_SOURCE INFORMATION_
'''

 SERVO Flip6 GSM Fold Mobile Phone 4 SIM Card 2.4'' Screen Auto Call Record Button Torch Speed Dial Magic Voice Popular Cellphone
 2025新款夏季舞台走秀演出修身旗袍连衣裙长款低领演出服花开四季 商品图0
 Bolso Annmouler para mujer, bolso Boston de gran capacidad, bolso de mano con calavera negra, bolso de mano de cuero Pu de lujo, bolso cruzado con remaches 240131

'''
'''

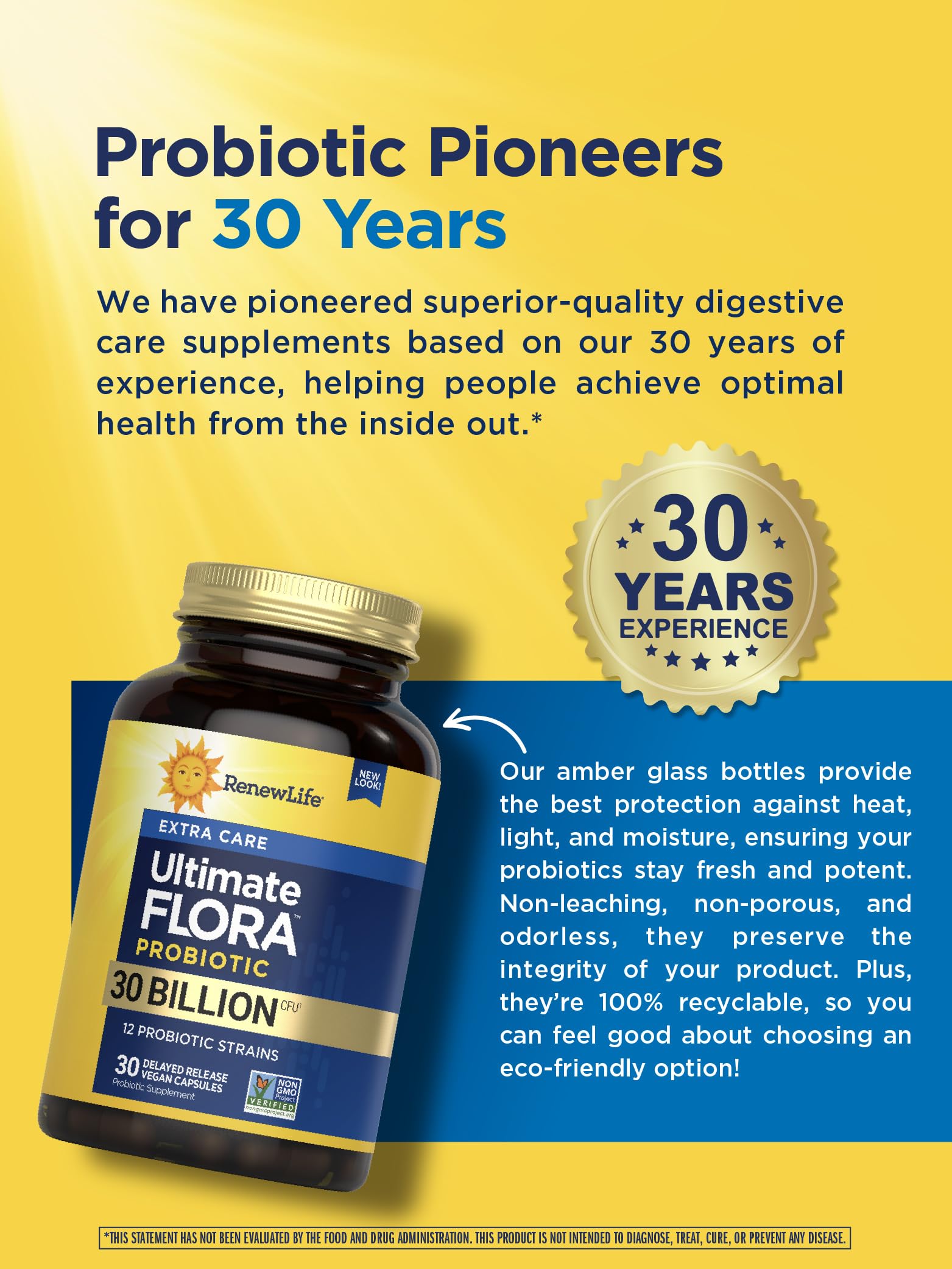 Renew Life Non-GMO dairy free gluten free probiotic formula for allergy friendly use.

'''

_WHAT IS NEEDED_
Starting at the line that has "2025新款夏季舞台走秀演出修身旗袍连衣裙长款低领演出服花开四季 商品图0" in the records above, restate word for word every line until the one that has "Bolso Annmouler para", and include that one as well.

_ANSWER TO THIS EXERCISE_
 2025新款夏季舞台走秀演出修身旗袍连衣裙长款低领演出服花开四季 商品图0
 Bolso Annmouler para mujer, bolso Boston de gran capacidad, bolso de mano con calavera negra, bolso de mano de cuero Pu de lujo, bolso cruzado con remaches 240131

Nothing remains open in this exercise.